The Ninth Circuit affirmed a denial of a request by Glassdoor to quash subpoenas requiring the company to disclose information provided by posters on its website. Employers use the site to promote their company to potential employees. In turn, Glassdoor allows the employer’s employees to comment on what it is like to work for the employer.

The grand jury subpoenas were issued as part of a wire fraud and misuse of government funds investigation of a government contractor that administers two Department of Veteran Affairs healthcare programs. In particular, the subpoenas sought the identity of eight Glassdoor posters who claimed to be employees of the company under investigation who posted comments including that the company “[m]anipulate[s] the system to make money unethically off of veterans/VA,” and “[t]here’s a real disconnect between how this program runs and how the VA thinks the program runs.”

Glassdoor’s terms of use warns posters that their information may be disclosed when required by law. This warning underscores that “Glassdoor’s users do not have a reasonable expectation of complete privacy” regarding their identity, the court found.
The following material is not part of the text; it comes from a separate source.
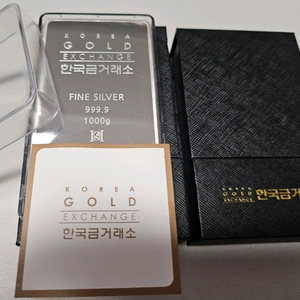 실버바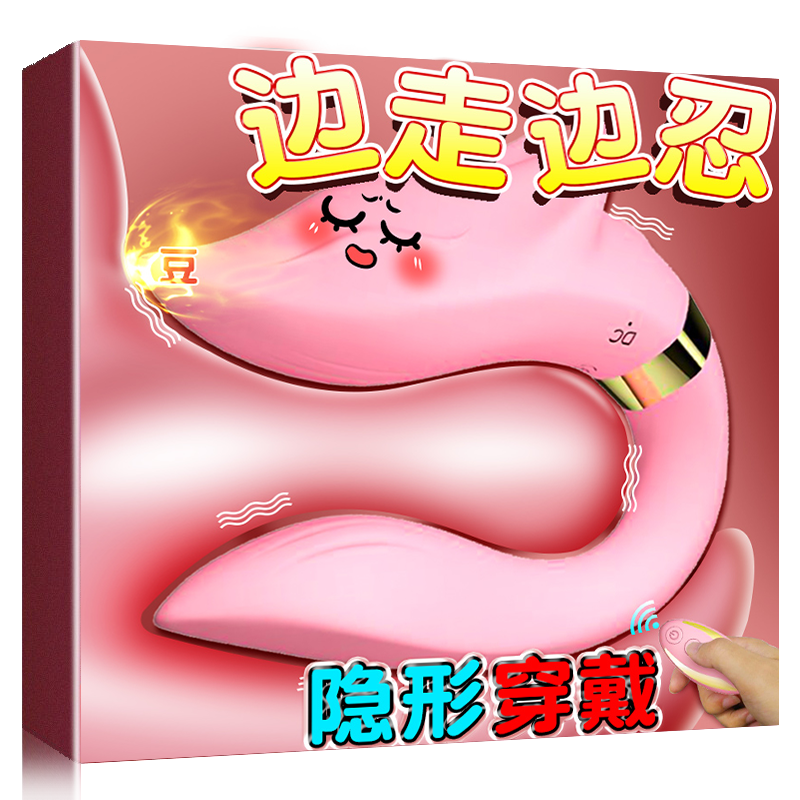 情趣用品遥控跳蛋无线静音远程控制穿戴式自慰器女用插入式外出入体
Nonetheless, Glassdoor sought to quash the subpoena arguing that the posters had a First Amendment right to associational privacy and anonymous speech.

The appellate court found that the First Amendment does not “prevent an individual from being required to cooperate with a good-faith grand jury investigation. Only if a witness has a legitimate claim of self-incrimination  under the Fifth Amendment may he refuse to answer questions or supply information relevant to the investigation.”

The court noted that the subpoena was only for eight posters “who  appear to have relevant information about the manner in which the subject of the grand jury’s investigation administered its government contracts.” In other words, the court said, the government is not on an improper fishing expedition.

“The district court correctly ruled that there is a substantial connection between the subject matter of the investigation and the identifying information of the eight users whose Glassdoor posts allude to potentially fraudulent behavior. We agree. Any incidental infringement on Glassdoor’s users’ First Amendment rights is no more drastic than necessary to vindicate those compelling interests,” the option states.

In re Grand Jury Subpoena, No. 16-03-217, Ninth Cir. No. 17-16221, issued November 8, 2017.